**Data for this task**:
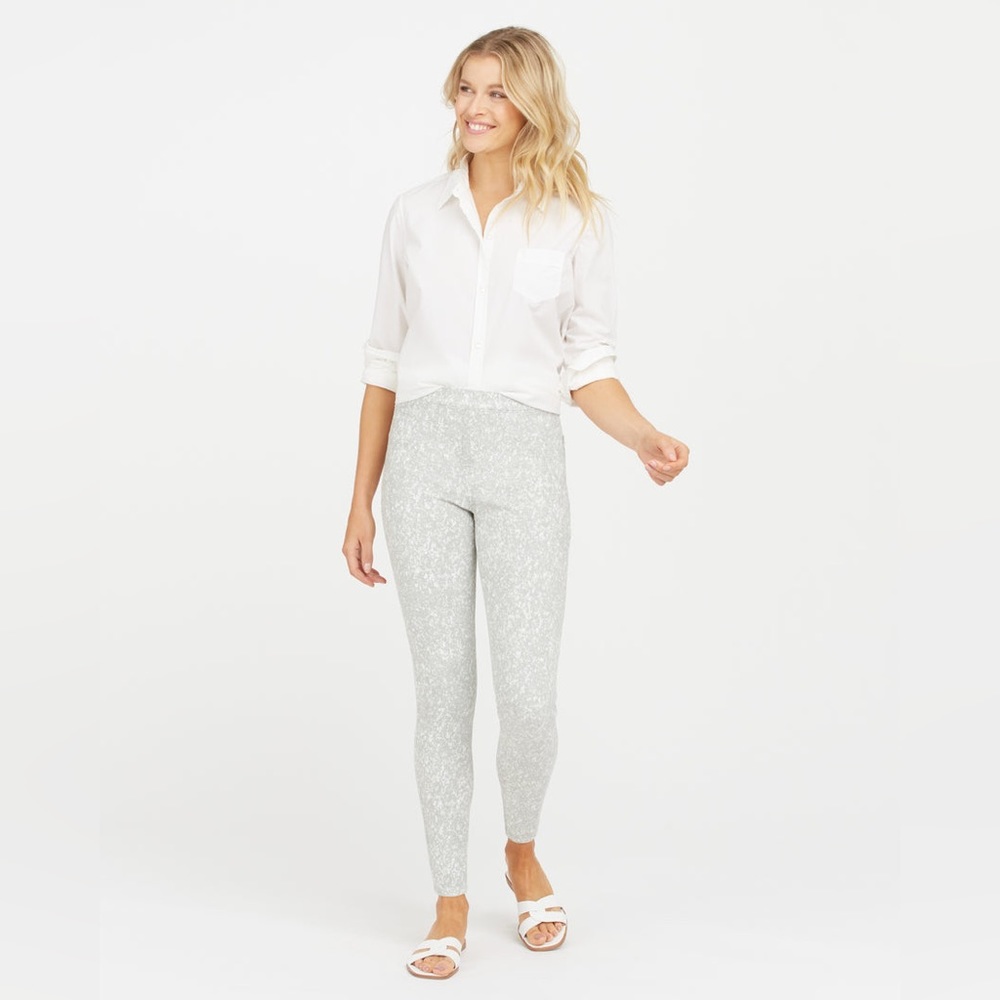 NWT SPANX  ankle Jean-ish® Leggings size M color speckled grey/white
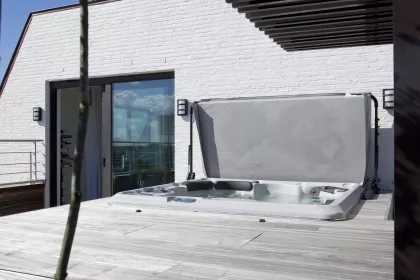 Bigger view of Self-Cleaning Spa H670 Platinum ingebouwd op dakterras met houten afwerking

---

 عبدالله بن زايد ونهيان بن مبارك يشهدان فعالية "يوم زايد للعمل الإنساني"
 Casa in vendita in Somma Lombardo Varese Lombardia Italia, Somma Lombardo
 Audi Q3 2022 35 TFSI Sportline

---

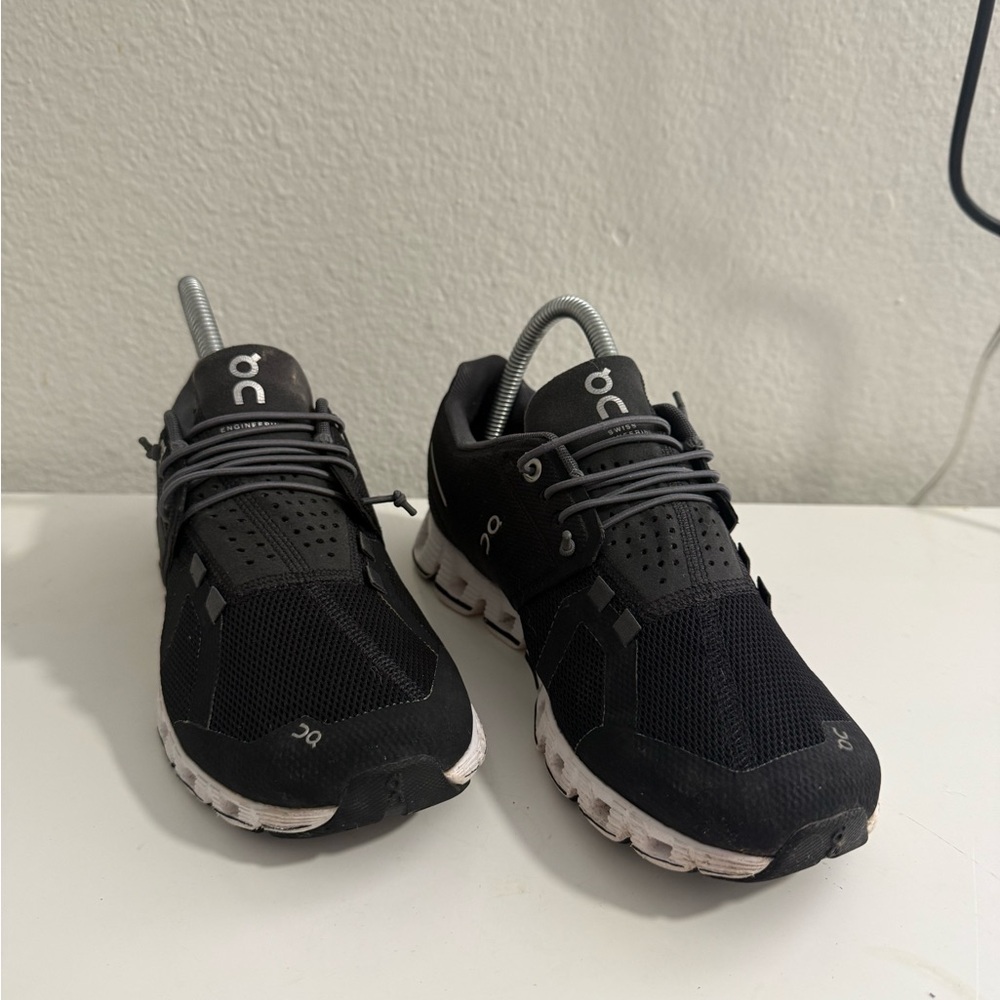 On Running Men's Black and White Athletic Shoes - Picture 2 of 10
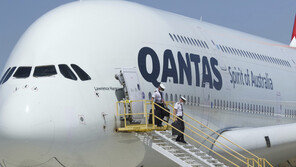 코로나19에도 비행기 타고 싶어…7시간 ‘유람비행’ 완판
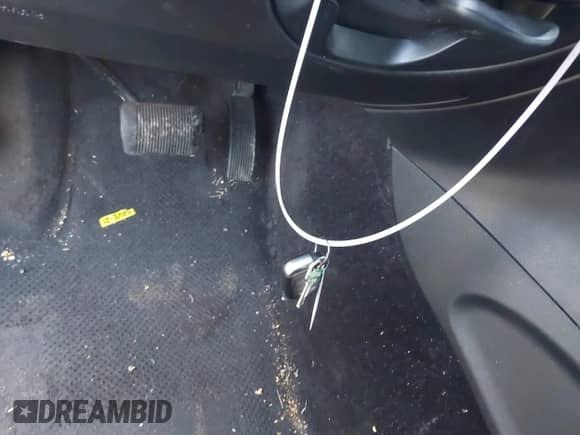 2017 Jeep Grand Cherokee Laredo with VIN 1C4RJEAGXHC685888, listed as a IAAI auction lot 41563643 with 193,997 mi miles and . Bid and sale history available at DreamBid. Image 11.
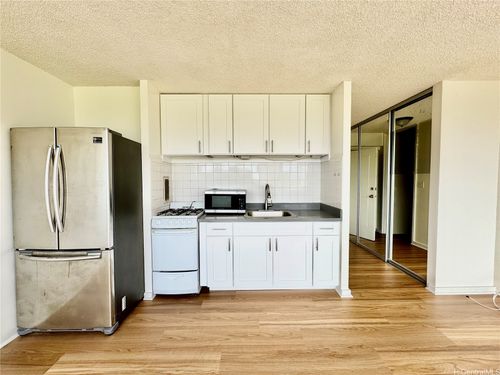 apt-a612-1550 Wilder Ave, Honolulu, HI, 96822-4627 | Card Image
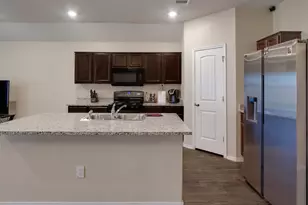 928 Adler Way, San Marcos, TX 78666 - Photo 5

**Task**: Give back, exactly as written, the stretch from the line with "Casa in vendita" through the line with "Audi Q3 2022 35 TFSI Sportline", and no other lines from the records above.

**Exercise output**:
 Casa in vendita in Somma Lombardo Varese Lombardia Italia, Somma Lombardo
 Audi Q3 2022 35 TFSI Sportline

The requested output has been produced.